Aussi, quand à Beyrouth, pour la première fois.
Hors des chemins battus et des communes lois,
Montés sur des chevaux aux jambes de gazelle,
Les outres pleines d’eau pendant à notre selle,
Nous vîmes un matin défiler devant nous
Notre humble caravane avec ses longs burnous.
Glissant dans nos fusils des balles de calibre,
Il nous sembla vraiment humer un air plus libre.
L’existence nomade et le gîte incertain,
Les Bédouins passant à l’horizon lointain,
La tente en poil de chèvre et le temple de marbre,
Et le repas frugal pris à l’ombre d’un arbre,
Derrière un pan de mur le berger endormi.

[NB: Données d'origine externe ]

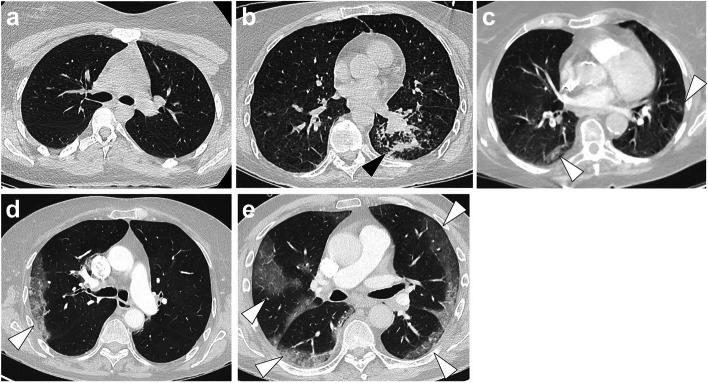 https://cdn.ncbi.nlm.nih.gov/pmc/blobs/c6e9/10792140/2e588eff2db9/13244_2023_1590_Fig3_HTML.jpg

Et l’hôte inattendu qui devient un ami,
Et la halte joyeuse à la source d’eau fraîche,
Les hasards du voyage, et la chasse, et la pêche.
Les chacals se glissant à travers les moissons.
Et les bruns sangliers fuyant dans les buissons, —
Tout ce monde inconnu que poursuivaient nos rêves
Déroulait devant nous ses merveilleuses grèves.
Après avoir erré sous un soleil de plomb,
La lente caravane, auprès d’un mamelon.
S’arrêtera le soir, de fatigue épuisée;
La nuit descend du ciel, humide de rosée;
On allume le feu; déjà les cavaliers
Cueillent pour l’attiser le bois mort des halliers;
Le chameau s’agenouille au bruit du fouet tartare,
Les chevaux entravés vont paissant l’herbe rare;
A la clarté du feu naissent les gais propos;
Puis le silence vient : c’est l’heure du repos.
Mêlé pendant un jour à ces mœurs primitives,
Le voyageur s’émeut de ces scènes naïves;
Couché dans son manteau sur le sable, et des yeux
Embrassant vaguement l’immensité des cieux.
Il rêve de harems et de femmes voilées.